Two Lake Mary High baseball stars have committed to play for top universities, but they’ll leave behind a legacy of community service on and off local fields
They have been friends since Little League. And soon, two Lake Mary High School graduates will be off to prestigious colleges with a hope to make it in professional baseball. What they leave behind, besides some killer stats, is a dedication to community service.

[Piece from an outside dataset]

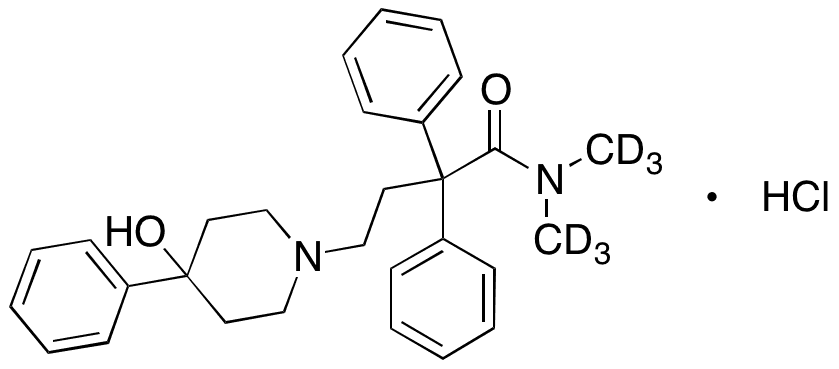 Deschloroloperamide Hydrochloride-d6 - Chemical structure and product image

Pitcher Conner Udell, who will attend Princeton next year, has spent the past four years helping the Central Florida Bambino Buddy Ball program, in which local student athletes team up with youngsters facing severe physical and developmental disabilities. With the help of their “buddies,” the young players enjoy a taste of our national pastime on a specially designed handicap-accessible field at Eastmonte Park in Altamonte Springs.

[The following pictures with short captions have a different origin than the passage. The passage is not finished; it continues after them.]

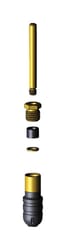 Woodford Y34 Iowa 1/2 in. MIP in. Hose Brass Frost-Proof Sillcock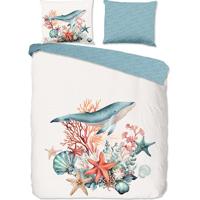 Good Morning Dekbedovertrek "maritiem/ zee thema" - Wit - (200x200/220 cm) - Katoen - thumbnail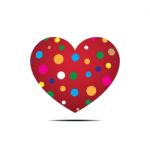 Heart Love Flat Design Icon  Illustration Stock Photo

Conner’s teammate, Frank Niemann, who is off to Tulane University after he graduates, volunteered his time to help coach the next generation of ballplayers by hosting a free summer camp this year, sharing tips and advice with Little League students on the Rams’ baseball field.
“It was pretty fun. You get to sort of act like a kid again,” the catcher says.
Janet O’Connor, a parent volunteer at Lake Mary High School, says this kind of community involvement goes a long way toward helping star students mature.
“It’s a way of grounding these high-school athletes,” Janet says. “They come out of it appreciating what they have been given in life. This is especially the case with Buddy Ball, where high-school students sometimes feel a little apprehensive at first, given the physical limitations of many Buddy Ball players. But they come out of it gaining so much. They usually want to go back. It’s a beautiful thing to watch.”
On the Buddy Ball field, volunteers team up with each Buddy Ball participant to serve as a mentor, going to bat with them, running the bases with them, or maybe just hanging in the dugout. Conner admits to being “a little nervous” when he joined the program as a freshman. But that apprehension melted away quickly enough, and he was hooked almost from the beginning. Buddy Ball became a weekly experience.
“All they want is a friend to play with,” Conner says. “They all get an equal chance. They don’t care if they hit the ball two feet or 200 feet.”
Conner even serves on the Buddy Ball board of directors, and he helps with fundraising and organizing the program’s annual banquet.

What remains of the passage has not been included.